Base protocol specifications have controls on the rate of generation of LSAs – those apply here as they do to all protocol advertisements.

A “BFD Reflector” is defined in S-BFD Base draft as:

“SBFDReflector - an S-BFD session on a network node that listens
      for incoming S-BFD control packets to local entities and generates
      response S-BFD control packets.”

As far as advertisements of S-BFD discriminators it would not matter whether the Reflector flaps – it would require a change in the assignment of S-BFD Discriminator on that node – which is as likely as reconfiguration of a node address.
Please  explain why this rare event represents something which is of concern to the operation of an IGP.
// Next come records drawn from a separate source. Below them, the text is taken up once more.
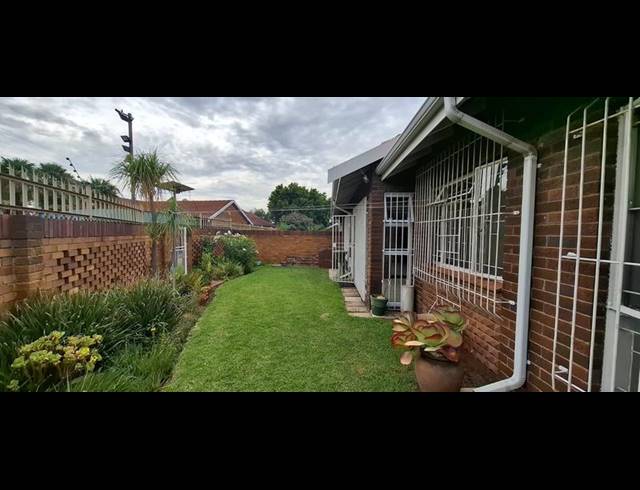 3 BEDROOM TOWNHOUSE FOR SALE IN RUSTIVIA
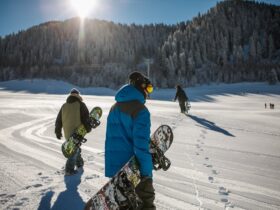 Deportes de nieve en la Sierra de Madrid: esquí, raquetas y más allá Deportes de nieve en la montaña nevada
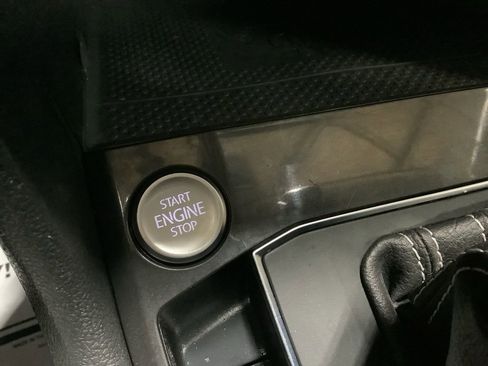 Used 2021 Volkswagen Tiguan SEL image 32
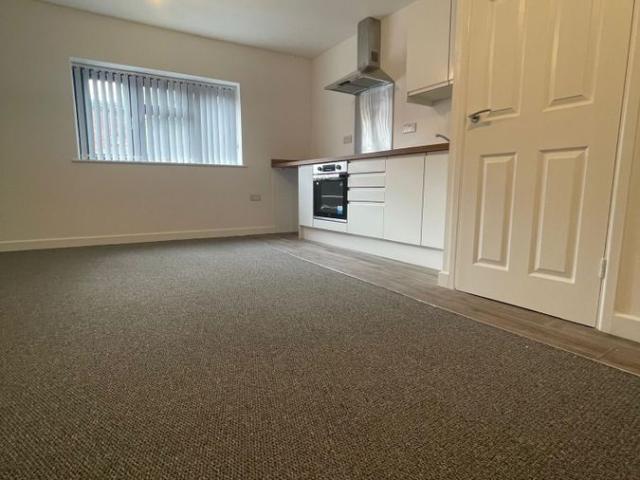 Castle Yard, Wolverhampton WV1, 1 bed flat to rent, £825 pcm | PrimeLocation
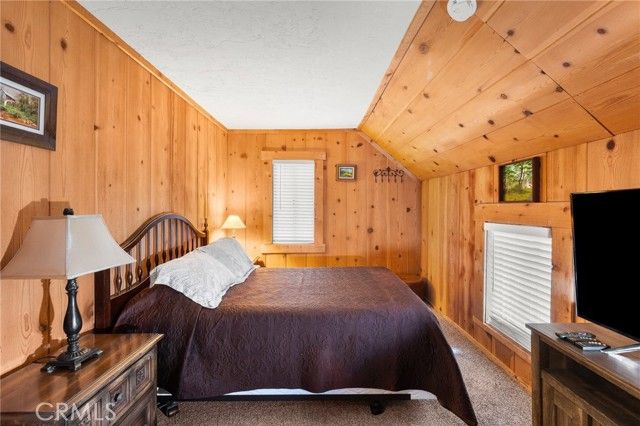 233 Glen Avon Drive, Cedar Glen, CA 92321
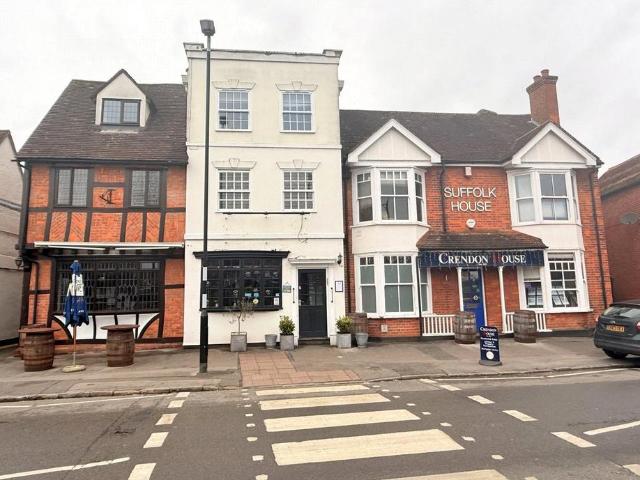 16 bedroom detached house for sale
I do not like cluttering normative specifications with discussions of points that do not reflect real operational concerns – so the argument “what harm could it do to discuss this” doesn’t carry much weight with me.
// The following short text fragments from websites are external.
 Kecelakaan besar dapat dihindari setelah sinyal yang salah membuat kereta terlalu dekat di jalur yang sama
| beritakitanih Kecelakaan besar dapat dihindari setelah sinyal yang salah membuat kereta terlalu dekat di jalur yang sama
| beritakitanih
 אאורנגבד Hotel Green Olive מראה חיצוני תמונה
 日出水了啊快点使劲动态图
From: rtg-dir [] On Behalf Of Adrian Farrel
Sent: Thursday, April 28, 2016 6:00 AM
To: Acee Lindem (acee); 'Manav Bhatia'; 'Adrian Farrel'
Cc:;;; 'OSPF WG List'
Subject: Re: [RTG-DIR] Rtg Dir review of draft-ietf-ospf-sbfd-discriminator-04.txt

Acee has it right.

While (of course) stuff can be done in implementations to mitigate the effects, the protocol extensions here increase the size of LSA and increase the amount of flooding. Since the LSAs have to be stored (in some form), it is reasonable to describe the amount of extra information that reflects across a network - maybe express it as "LSA data" and leave it up to an implementation to choose how to store it. Since the number of LSA updates impacts the routing plane processing and bits on the wire, it is reasonable to ask what impact that might have.

I am interested to hear whether turning Reflectors on and off could be a feature that could cause LSAs to flap and so create flooding ripples in the network.


From: Acee Lindem (acee) []
Sent: 28 April 2016 10:21
To: Manav Bhatia; Adrian Farrel
Cc: <<>>;<>;<>; OSPF WG List
Subject: Re: Rtg Dir review of draft-ietf-ospf-sbfd-discriminator-04.txt

Hi Manav,

From: Manav Bhatia <<>>
Date: Thursday, April 28, 2016 at 1:31 AM
To: Adrian Farrel <<>>
Cc: "<<>>" <<>>, Routing Directorate <<>>, "<>" <<>>, OSPF WG List <<>>
Subject: Re: Rtg Dir review of draft-ietf-ospf-sbfd-discriminator-04.txt

Hi Adrian,

Thanks for the extensive review. I have a minor comment on a minor issue that you raised.

Minor Issues:

I should like to see some small amount of text on the scaling impact on
OSPF. 1. How much additional information will implementations have to
store per node/link in the network? 2. What is the expected churn in
LSAs introduced by this mechanism (especially when the Reflector is
turned on and off)?

Isnt this implementation specific? This is what will differentiate one vendor implementation from the other.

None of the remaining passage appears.